When the father came to the mother’s home on Thursday March 19th for his regular time with the child, the mother refused to allow him to see the child.
The father requested Facetime visits; the mother offered such a visit on March 18th, but none have taken place.
In making her decision that this was not an urgent matter as defined in the present circumstances, Justice MacPherson noted:
“There is no game plan for how parents should react, and many are understandably worried for themselves and their families and confused about what to do in such an atmosphere. . . .Total removal of one parent from any child’s life must be exercised cautiously. This is uncharted territory for the court, as well. The safety and well-being of children and families remain the principal concerns for the court.
This matter is understandably very important to the father. However, in my view it is not urgent nor is it an emergency. There is no indication that [the child’s] safety is at risk. . . .
I would point out that in [his]notice, the Chief Justice of Ontario called “upon cooperation of counsel and parties to engage in every effort to resolve matters” during the period of suspension of regular court operations. The parties have experienced family law counsel representing them. It does not appear that mother’s counsel has responded to father’s counsel in any meaningful way to reach a reasonable resolution. He is encouraged to do so. Surely a complete termination of all contact between the child and his father cannot be in the child’s best interests even in these unprecedented times.
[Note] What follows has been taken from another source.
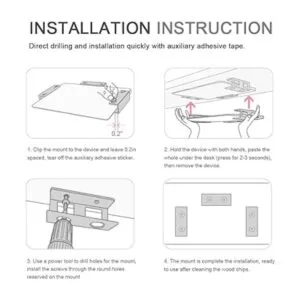 IFCASE Soporte de metal para debajo del escritorio para_7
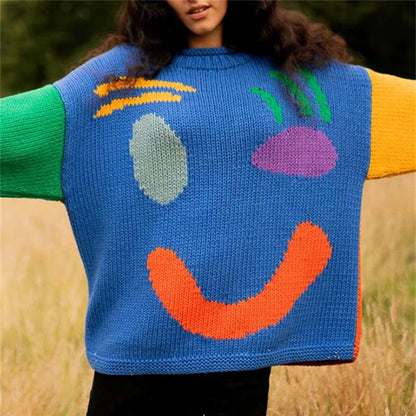 Lächeln Strickpullover Frauen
Finally, all counsel and parties must be aware that actions taken in these unusual circumstances may very well be judged once court operations resume, as not being appropriate nor in the best interests of their children.”
While Justice MacPherson’s decision not to deem the case urgent and make an order reinstating access, could seem to open the door for an abusive ex-partner to unilaterally withhold a child from the mother, I think the final two paragraphs send a strong message – in this case to the mother – that she and her lawyer need to get some access happening.
In Jackman v Doyle, the case we summarized and posted yesterday, Justice Diamond made an equally careful consideration on very different facts, and concluded that the case was urgent. In that case, when the mother had attempted to resolve matters by having her lawyer write to her ex-partner’s lawyer, he fired his lawyer and took the children from the mother without her consent. Given that the father no longer had legal representation, had never had the children with him other than at the mother’s house and with the nanny present and then acted unilaterally to take the children from their mother’s house to his, there would seem to have been little possibility that the parties, with only one of them represented, could cooperate to “resolve matters.”
It is my hope that, between the two cases, there is strong precedent that, while judges may not deem a case urgent when the parties are represented and can attempt to resolve matters through their lawyers, when that is not the case, the court will view the case as urgent and hear it on that basis.
Of course, as the judges in all four of the cases we have shared with you so far have said, these are unprecedented times and, like the rest of us, the courts are feeling their way. No doubt over the next few weeks, a body of case law will develop that we can refer to when assisting women fleeing abuse.